## RAW DATA
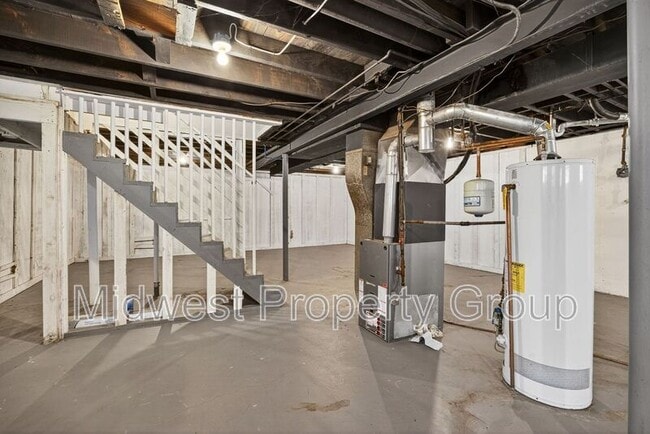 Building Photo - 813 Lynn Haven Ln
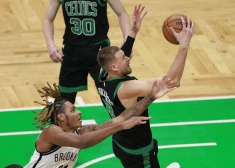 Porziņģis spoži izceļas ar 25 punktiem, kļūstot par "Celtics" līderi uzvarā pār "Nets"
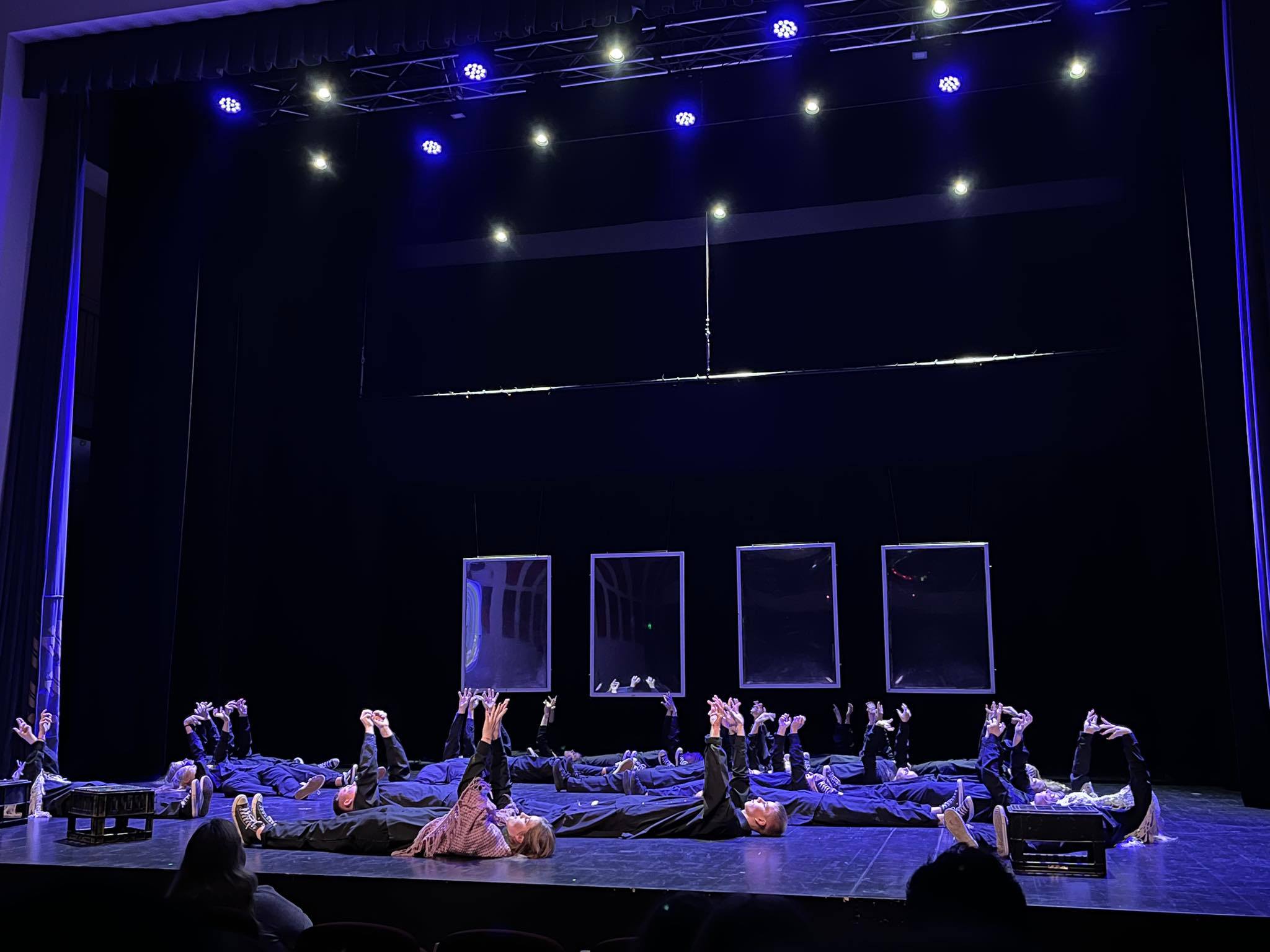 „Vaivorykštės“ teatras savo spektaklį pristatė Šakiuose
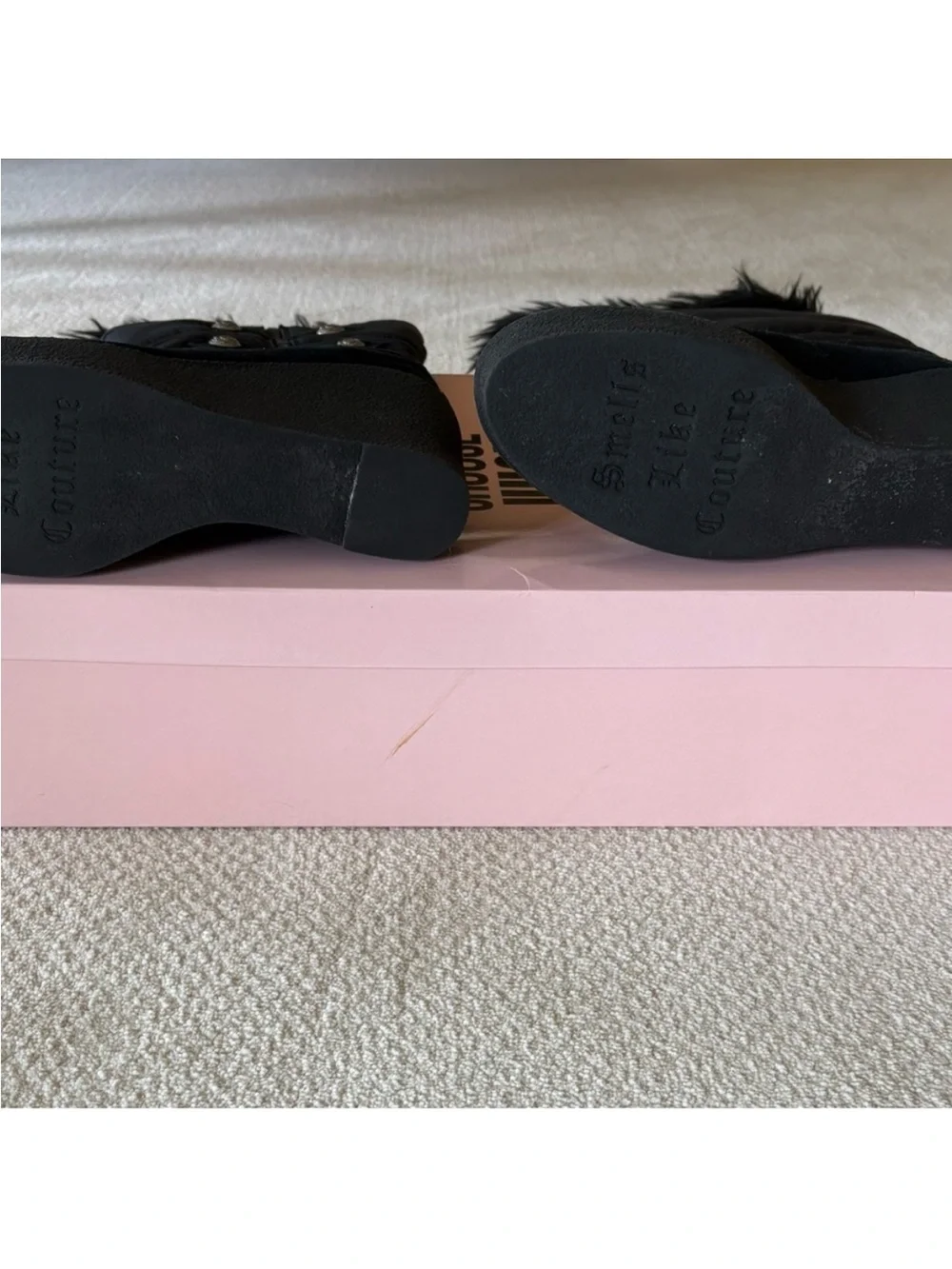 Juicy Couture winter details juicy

## WORK TASK
I would like the data above transcribed exactly, with its pictures left out.

## ANSWER SECTION
 Building Photo - 813 Lynn Haven Ln
 Porziņģis spoži izceļas ar 25 punktiem, kļūstot par "Celtics" līderi uzvarā pār "Nets"
 „Vaivorykštės“ teatras savo spektaklį pristatė Šakiuose
 Juicy Couture winter details juicy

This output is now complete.